И вот социальные явления, социальная связь происходят только в мире животных, где есть особь, личность, причем вся связь держится не на почве общих свойств животного вещества, а на почве исключительно психологической, на почве чувства, представления и воли. Эти личности только находятся в общении, но не сливаются и даже не способны к слиянию, ибо самая сущность их состоит в индивидуальности. Если бы особи слились, они уничтожились бы. Организмы, в отличие от простого живого вещества, способны поддерживать свою жизнь только тогда, пока они отдельны и сами заведуют отправлениями своих органов. Если бы мы вздумали превратить целый организм только в сердце, только в легкие или мозг, вообще только в особый орган – этот организм немедленно погибнет.

Значение общества для человека

Общественность имеет для личности, для человека огромнейшее значение.

Общественность есть закон существования, но такой закон, который не внешне навязывается человеку (как законы природы неорганической или даже законы нашей физиологии), а создается свойствами нашего собственного чувства, представления и воли.

Божественным творчеством в свойствах личности заложено все необходимое для того, чтобы тянуть нас к общественной жизни. Привычка, зарожденная с детства, затем поддерживается потребностью в обмене впечатлений, составляющей основное психологическое свойство всякого животного. Это свойство неудержимо влечет людей друг к другу даже помимо всяких утилитарных расчетов, а просто потому, что этот обмен дает каждой особи как бы усиленное ощущение своей жизни. Итак, само чувство жизни направляет к общественности. Точно так же и рассудок влечет нас к тому же.

Общество есть наиболее благоприятная среда для развития человека.

В этом отношении значение общества так велико, что, конечно, без него человек не мог бы быть человеком.

Оно в бесконечной степени увеличивает и утончает силы личности, давая к услугам каждого силы всех других и их средства. Общество есть хранилище опыта, знаний и материальных средств предшествующих поколений, благодаря чему вновь рождающаяся бессильная личность сразу вступает в даровое обладание средствами, о которых не могла бы и мечтать при иных условиях. Общество, наконец, есть великая школа для выработки самостоятельности личности в целой системе подчинений и командований.

Увеличивая в тысячу раз силу человека, общество вследствие этого вырабатывает в нем сознание своей силы и достоинства. В социальной среде человек чувствует себя господином мира, высшим существом. В самых рабских обществах есть гордые аристократические слои, которых идеалы личности становятся рано или поздно образчиками для остальной массы народа.

Недостаточность социальной жизни для человека, как существа духовного

Но при всей благодетельности социальной среды для развития человека, она не представляет полного и идеального помещения для него.

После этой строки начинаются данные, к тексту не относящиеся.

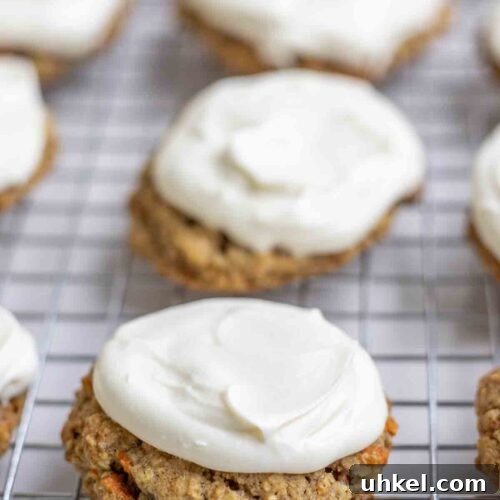 Sourdough carrot cake cookies topped with cream cheese frosting on a wire rack.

Причина этого состоит в том, что человеческая личность не есть только животная, психологическая, но также духовная. Непосредственное распоряжение обществом дано самому человеку, и общество повсюду таково, каким его желают иметь люди. Человек во всем, на что хватает Богом данных ему сил, устраивает свою социальную жизнь, как хочет, по своей психологии, по своему чувству, воле и рассуждению. Это дает в обществе огромную практику самостоятельности человека. Но – то самое, что развивает каждого члена общества, не дает возможности создать среду идеально высокую, высокую настолько, насколько высока потенциально природа человеческой личности.

В социальной среде действует не один человек, но вся совокупность людей, приблизительно равносильных, и общий ход жизни складывается, как некоторая равнодействующая этого множества составляющих сил. Это делает социальную среду неизбежно очень, в среднем, низкой сравнительно со стремлениями лучших ее людей. И это обстоятельство – совершенно неизбежное, навеки неизбежное. Сверх того в обществе нет единой личности, которая бы сливала в себе, в качестве отдельных частей, психологические силы всех особей, давая им идеальный порядок соотношений.

Поэтому человек не удовлетворяется социальным строением, не может поместить в него всего себя без остатка, и чувствует постоянно, что это строение не полно, не дает всего, что человеку и его творческой силе необходимо для полноты жизни.

Такое полное, всецелое испомещение человеческой личности, какого жаждет его дух, возможно лишь в новом строе общественности, где высшим организующим элементом является Бог, то есть в Церкви.

Глава 2. Церковь, ей свойства и значение

Истинная религия – христианская – выделяет религиозную коллективность в особый строй – Церковь, которая не сливается с социальным строем и является общественностью над-социальной.

Различие между социально-политической средой и церковной весьма существенно. Организационное начало в обществе – есть человеческая личность, элемент психический. Организационным элементом Церкви является Бог, Личность Божественная, элемент духовный. Отсюда является разница в определении целей строения. В первом случае цели определяются человеком, во втором случае – Богом. В обществе человек работает на собственное «хозяйство», в Церкви является Божьим домостроителем. Отсюда проистекает далее разница и в характере организации.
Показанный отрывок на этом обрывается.